The company is majority owned by German ENBW (67%) plus a company called “Services Industriels de Genève (SIG)” which bought a 15% stake in 2011 from ENBW (remark: ENBW itself is in quite big trouble because of the Nuclear exit in Germany).
In addition to the Hydro plants, Energiedienst owns a distribution network with around 750 tsd clients in Switzerland and Southwestern Germany. The focus is clearly Germany with more than 80% of sales there. Energiedienst produces around 25% of its energy itself, the rest is bought in the market.
The interesting point is that their own electricity production is almost 100% Hydro power. Hydro power, in contrast to power from fossil fuel, is more or less a pure fixed cost business. You build the hydro plant, depreciate and that’s it. If electricity prices go up, you earn more, if they go down you earn less. You don’t have to worry about oil or coal prices. On the flip side, hydro power depends on the amount of water available, so in dry years you can produce less or more in wet years which introduces some uncertainty.
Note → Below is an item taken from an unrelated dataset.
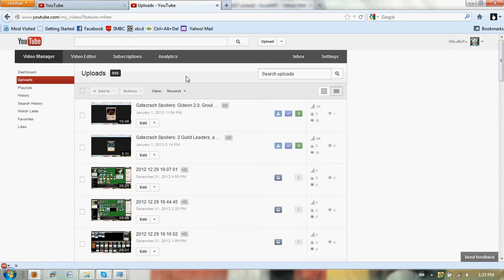So if you guys want to PM me decklists, preferably some brewing, but any decklists will do for Standard or Modern. I won't do Legacy, because my Legacy is just a little bit rough.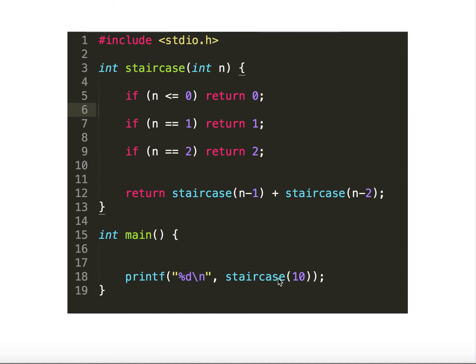But this is really bad because of the overlapping substructure — it takes exponential time. If you provide 100 steps it takes a very long time. The problem is we keep recomputing the same values again and again. To avoid this, there is a technique called dynamic programming.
But in any case, a Hydro Power “pure play” is more or less a “bet” on electricity prices. In order to check this theory, I let’s look at EDHN’s share price (in EUR) against 1 year forward prices for German electricity (as a comparison, I plotted E.on as well):
I find it fascinating that over the past 2.5 years, Energiedienst more or less directly followed German power prices. We can see that E.on is much more volatile and most likely exposed to general stock market fluctuations.
Just for the complete picture a history of German wholesale electricity prices since 2007:
It is interesting to see that German power prices seem to be at the lowest level since the beginning of this time series in 2007. After the surprise phase out of nuclear power after Fukushima and the corresponding propaganda from E.on & Co, one might have expected exploding electricity prices. But it looks like that the new supply of alternative energy plus maybe reduction in consumption led to a dramatic decrease in electricity prices.
Digging deeper, I found for instance this German publication from 2011 which confirms the point, that the subsidized renewable energy will lower electricity prices in general. So for a renewable hydro player like Energiedienst, the subsidies to solar and wind have the “perverse” effect of lowering the profit of this very cheap type of electricity significantly.
The “trick” is that the electricity distributors have to buy the renewable electricity at fixed subsidized prices, but have to sell it at current market prices into the German electricity exchanges. The difference then gets charged to consumers. According to the paper, the electricity price clears at the level of the most expensive supplier. The mechanism for the renewable providers however introduces practically a big source of potentially extremely cheap electricity as it gets sold at market prices no matter how low they might be and “unelastic” to the actual demand.
Due to the low interest rates, subsidized wind parks and solar plants are still attractive investments despite the price for electricity being at multi year lows and demand being rather weak.
So the low prices are not a result of low demand, but mostly of subsidized renewable energy which will be sold as long as the price is higher than zero.
Zero hedge just had a post in its usual style, claiming that the falling energy prices are a harbinger for falling stock prices. That is correct for utilities but other than that it is just a result of the mechanism described above.
The current system for renewable energy in Germany (selling renewable electricity into the market at any price with the consumer paying the difference) is hell for “traditional” utilities including hydro power.
The German utilities have maybe underestimated the extent of renewable production, otherwise they could have done the exactly same thing themselves. Now howver, the are in a kind of “death grip” between having to run their expensive black coal and gas plants for peaks and the articificially low electricity prices. Combined with unfavourable natural gas delivery contracts, especially for E.on the air will remain quite thin.
So unless something changes significantly, German utilities (including Energiedienst) will need a long long time to adjust capacity and change their business models.
Warren Buffet seems to be much more clever: If you can’t beat them, join them. I think this is the reason why his US utility is investing so much into Solar and Wind.